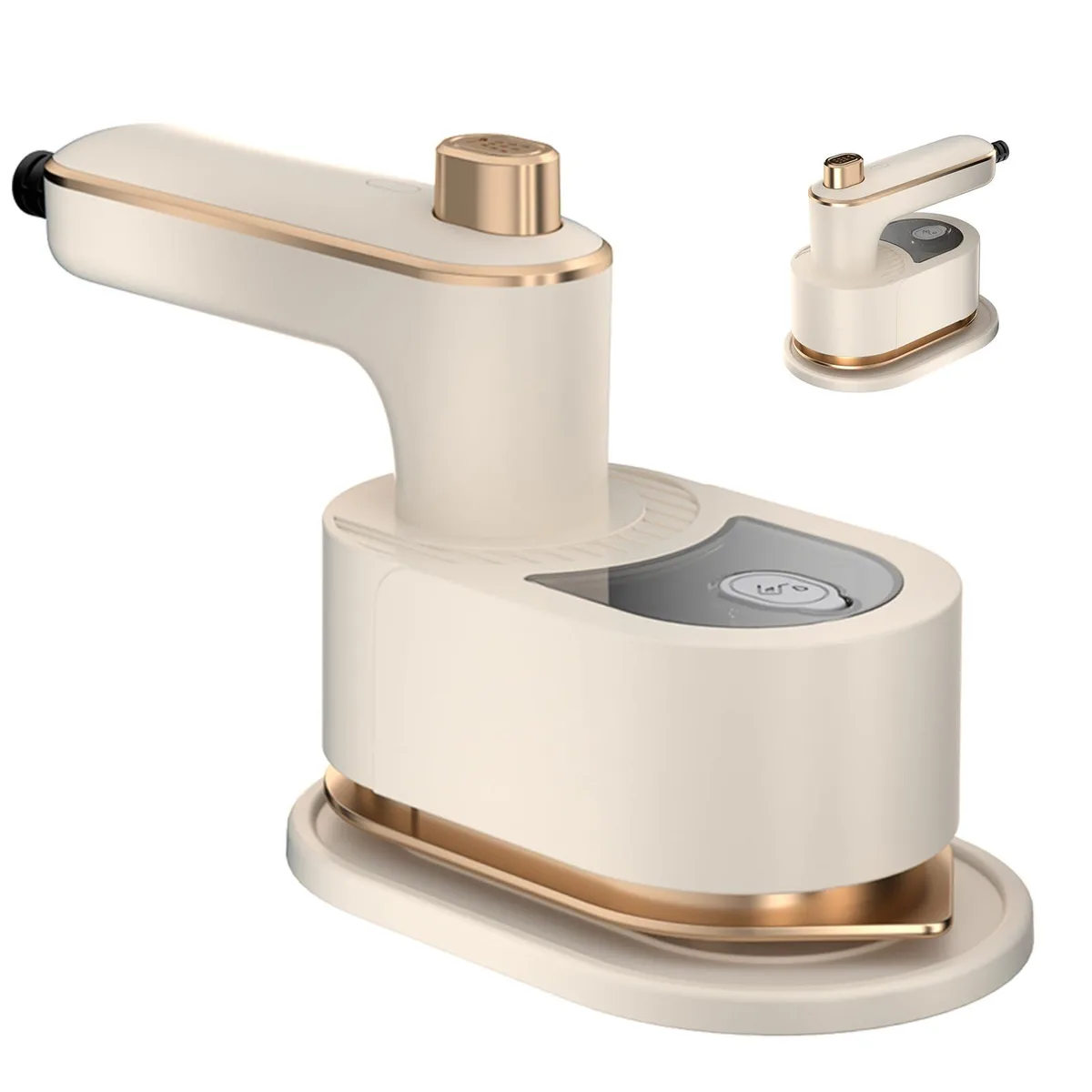  Hamilton Beach YD023-1 steamer 800W 30s 180° handle beige — product photo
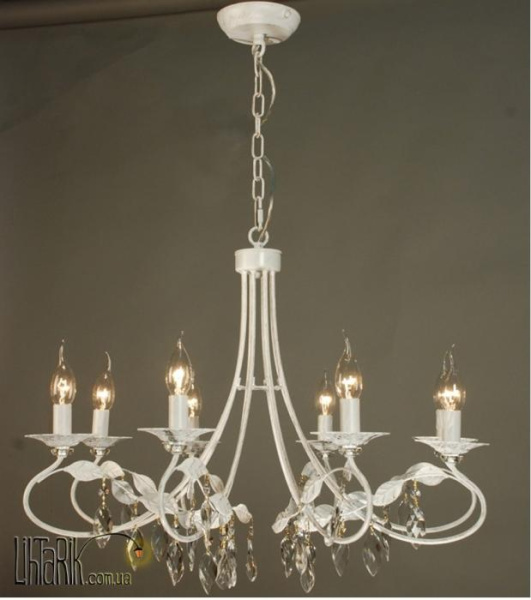 Классическая люстра Bulgarini VD50900-5 White/White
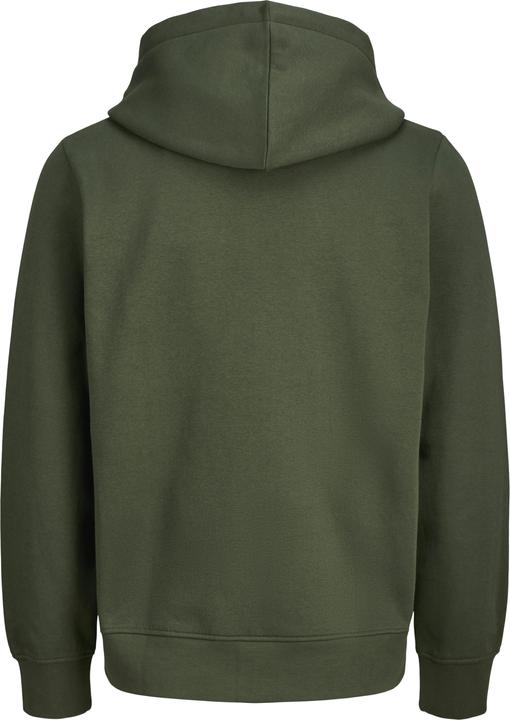 Actual product image Jack & Jones Jprbluronaldo Sweat Zip Hood Prau25 (S)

• **WHAT IS EXPECTED**:
Copy exactly, and only, the lines running from the one containing "Классическая люстра Bulgarini" through the final line of the data, and omit the pictures.

• **RESULT OF THE TASK**:
 Классическая люстра Bulgarini VD50900-5 White/White
 Actual product image Jack & Jones Jprbluronaldo Sweat Zip Hood Prau25 (S)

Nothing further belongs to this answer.